[DATA FOR PROCESSING Boundary: Start]
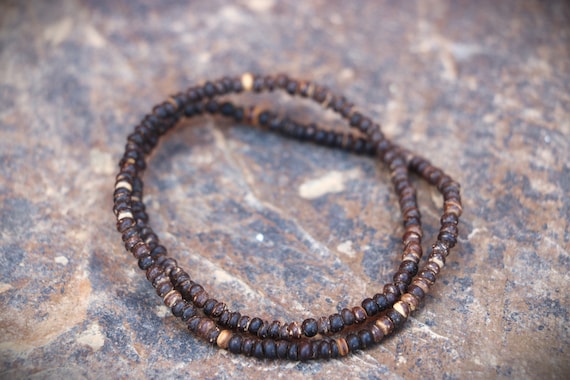 Coconut Wood Bead Bracelet, Multi Strand Bracelet, Unisex Coconut Bracelet, Wood Bead Bracelet, Surfer Bracelet, Coconut Shell Bracelet
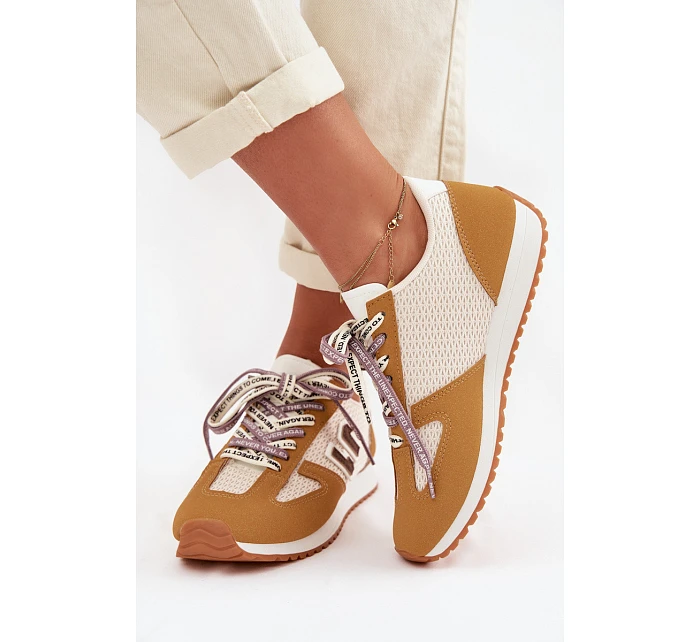 Dámské Tenisky s Ozdobným Šněrováním Žluté Henira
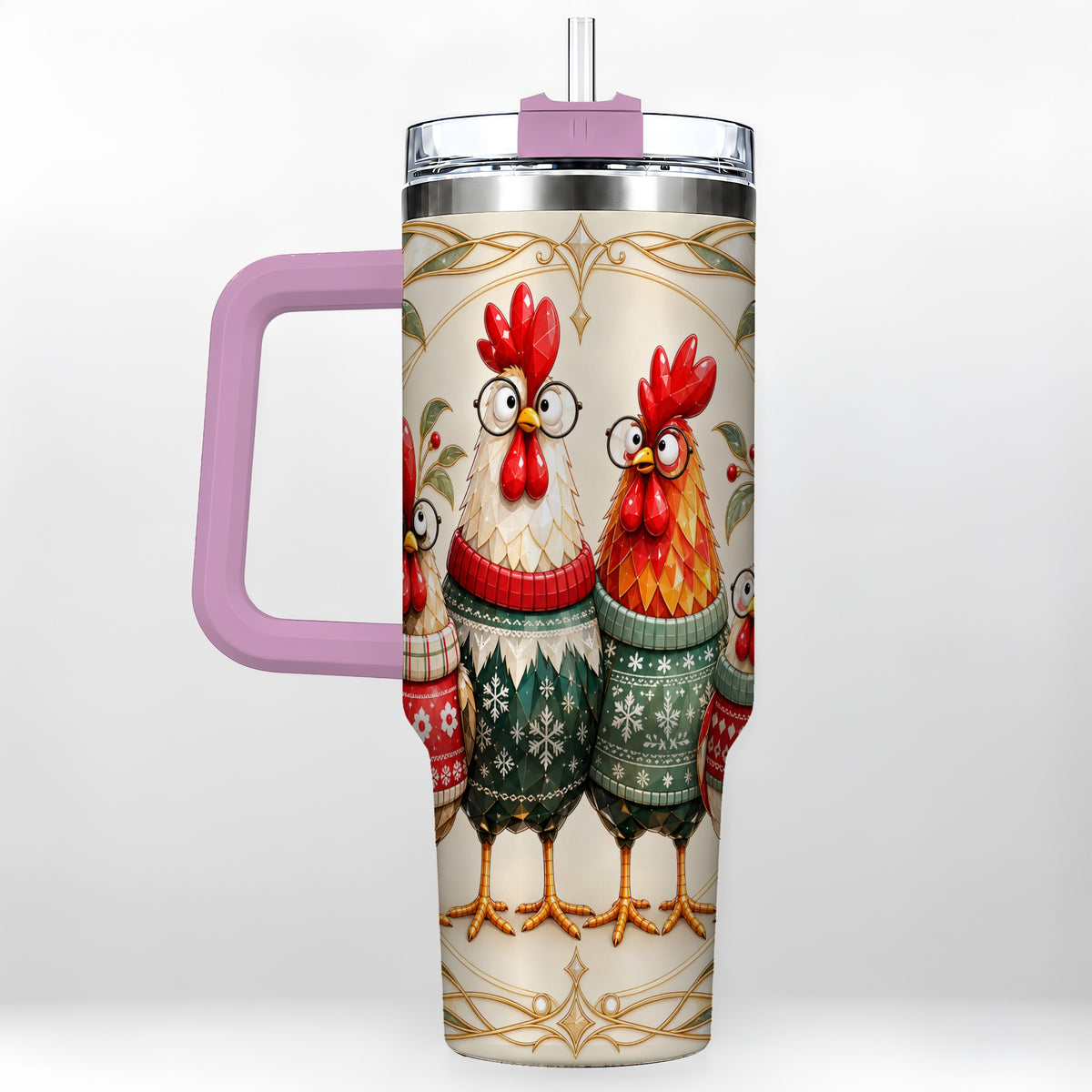 #pl[40oz|Pink] Christmas Chickens 40oz Tumbler with Handle, Funny Farm Animal Design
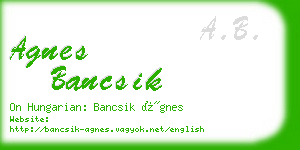 agnes bancsik business card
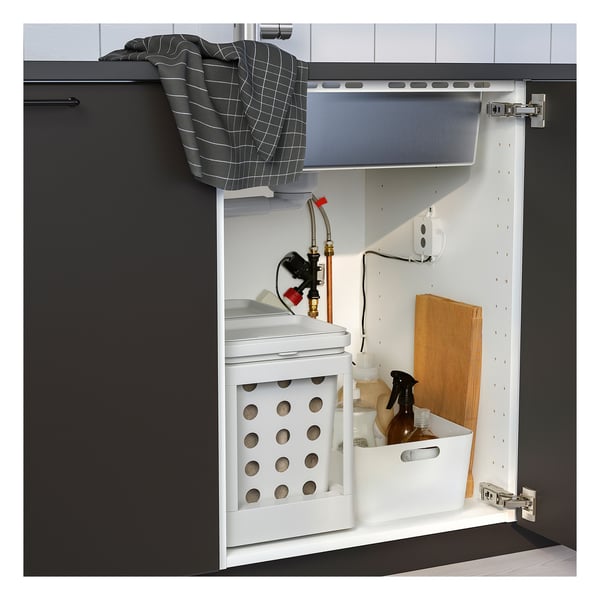 Under-sink dishwasher unit with remote control, alarm sensor, and storage basket.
[DATA FOR PROCESSING Boundary: End]
**EXERCISE:**
Set the records down again exactly, with no pictures.

**RESPONSE:**
 Coconut Wood Bead Bracelet, Multi Strand Bracelet, Unisex Coconut Bracelet, Wood Bead Bracelet, Surfer Bracelet, Coconut Shell Bracelet
 Dámské Tenisky s Ozdobným Šněrováním Žluté Henira
 #pl[40oz|Pink] Christmas Chickens 40oz Tumbler with Handle, Funny Farm Animal Design
 agnes bancsik business card
 Under-sink dishwasher unit with remote control, alarm sensor, and storage basket.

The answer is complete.